• _ENTRIES PROVIDED_
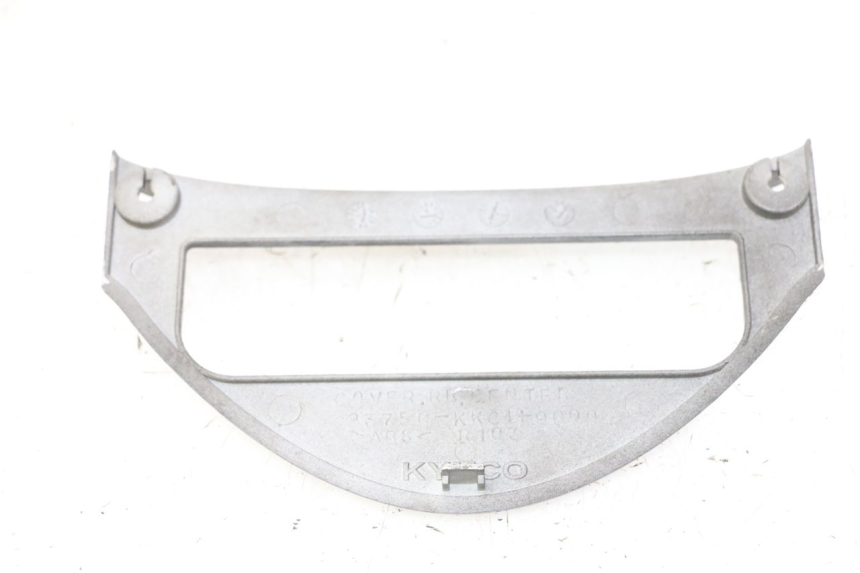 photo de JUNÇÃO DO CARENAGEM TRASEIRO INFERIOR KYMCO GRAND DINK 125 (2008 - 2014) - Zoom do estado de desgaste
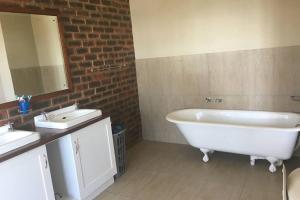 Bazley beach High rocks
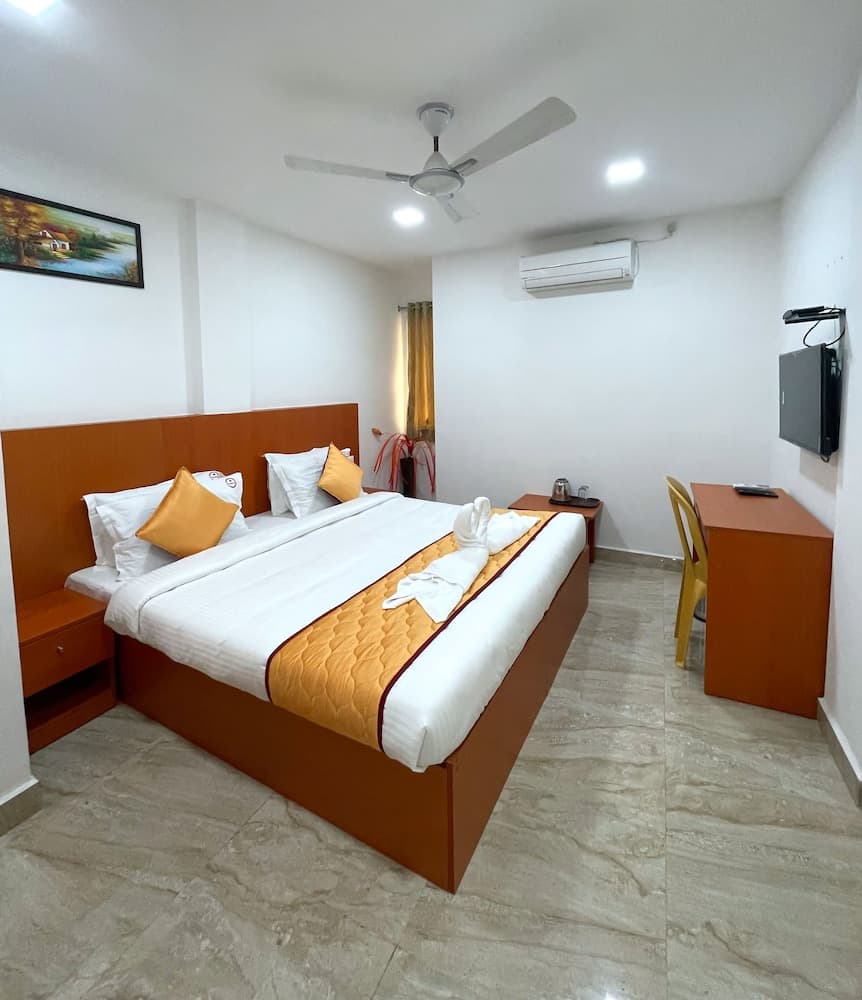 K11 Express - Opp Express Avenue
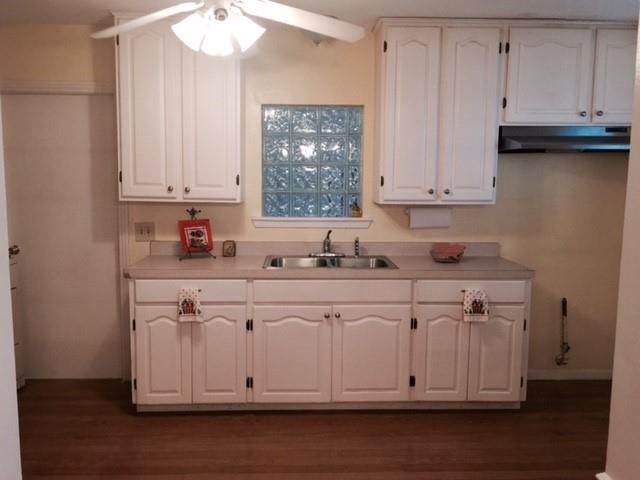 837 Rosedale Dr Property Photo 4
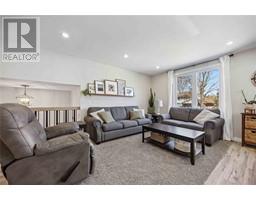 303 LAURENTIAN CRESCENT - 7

• _TASK STATEMENT_
In the answer, the lines from the one containing "837 Rosedale Dr Property Photo 4" to the end of the records above must be written out exactly, both ends included; the pictures must not appear.

• _FINISHED EXERCISE_
 837 Rosedale Dr Property Photo 4
 303 LAURENTIAN CRESCENT - 7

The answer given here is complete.